* **Supplied material**:
::::

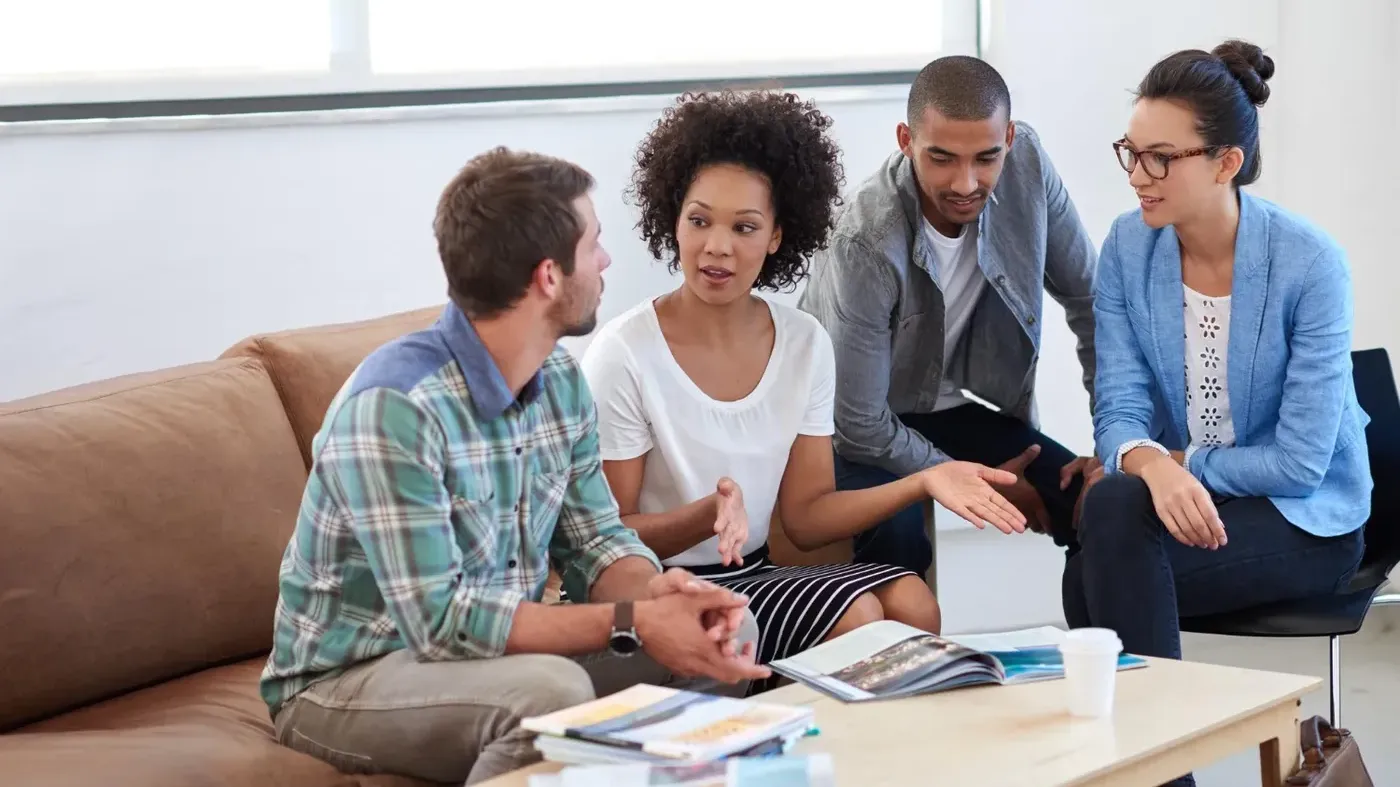 A diverse group of business professionals sitting on sofas around a coffee table, engaging in a discussion regarding insurance.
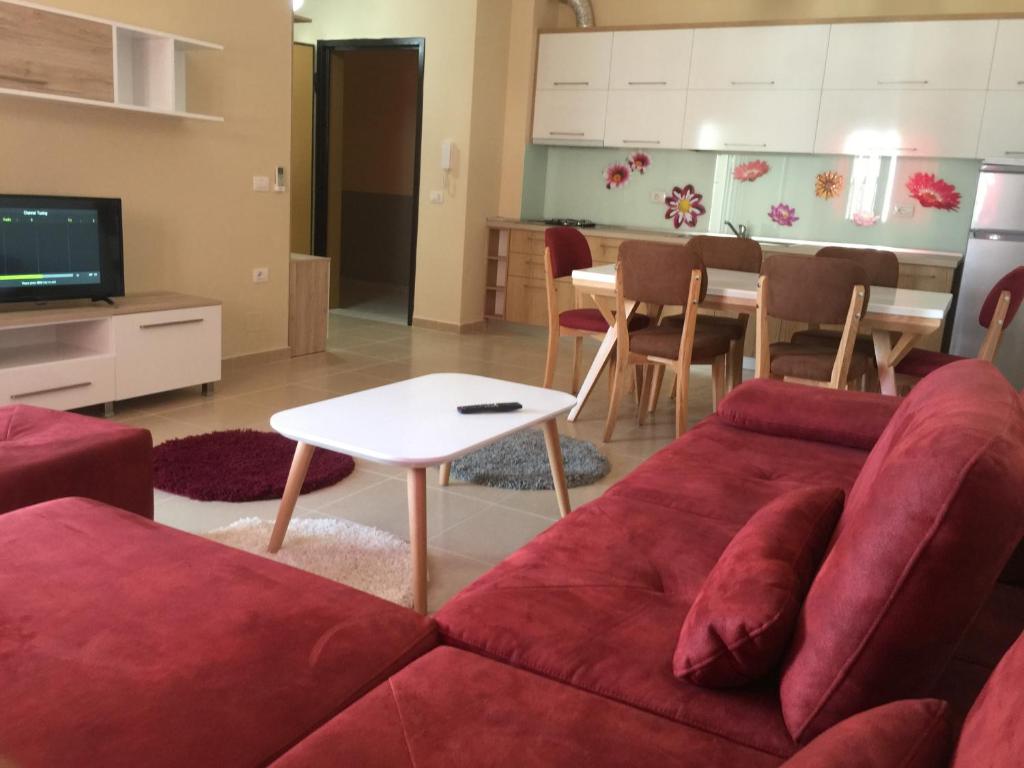 a living room with a red couch and a table at Premium Apartaments 02-03 in Vlorë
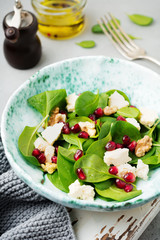 Fresh useful vegetarian wholesome spinach, pomegranate seeds, walnut, saffron, pepper and ricotta salad on  gray  background. Selective focus. Top view. Copy space for text.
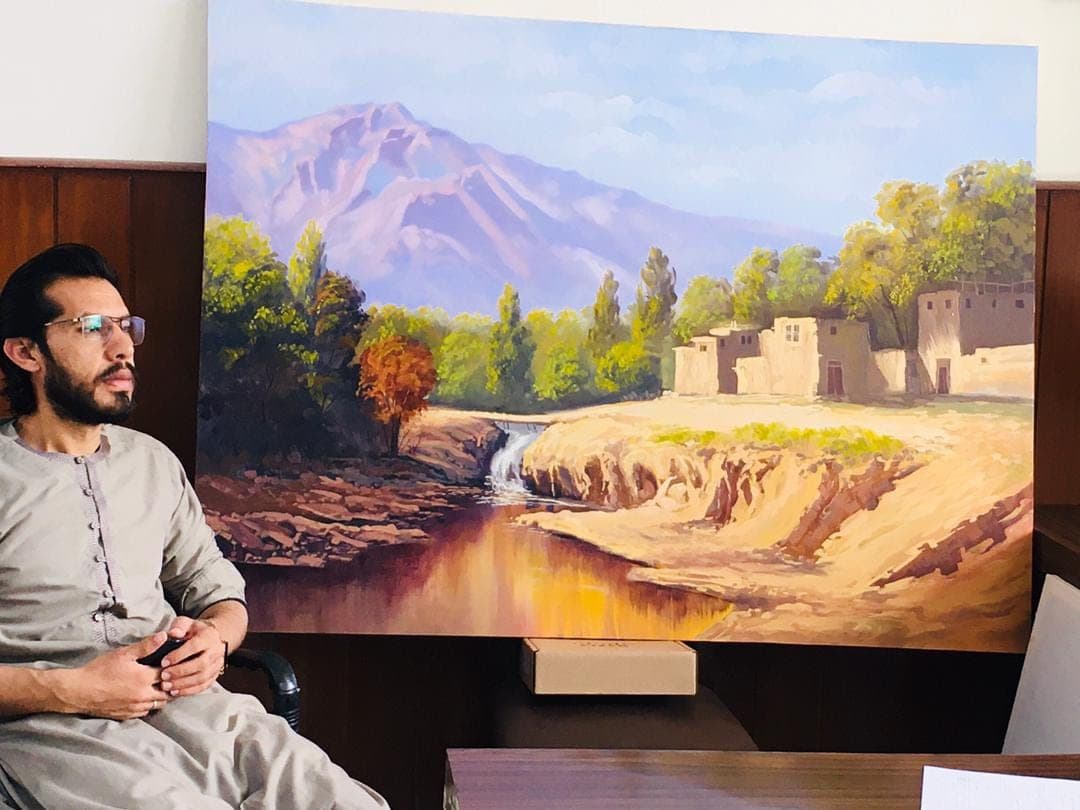 The artist seated in front of a finished landscape painting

::::

* **What you need to do**: Please reproduce verbatim the lines from the line with "Fresh useful vegetarian" through the final line of the listing, inclusive of both ends. Omit all pictures.

* **Answer below**:
 Fresh useful vegetarian wholesome spinach, pomegranate seeds, walnut, saffron, pepper and ricotta salad on  gray  background. Selective focus. Top view. Copy space for text.
 The artist seated in front of a finished landscape painting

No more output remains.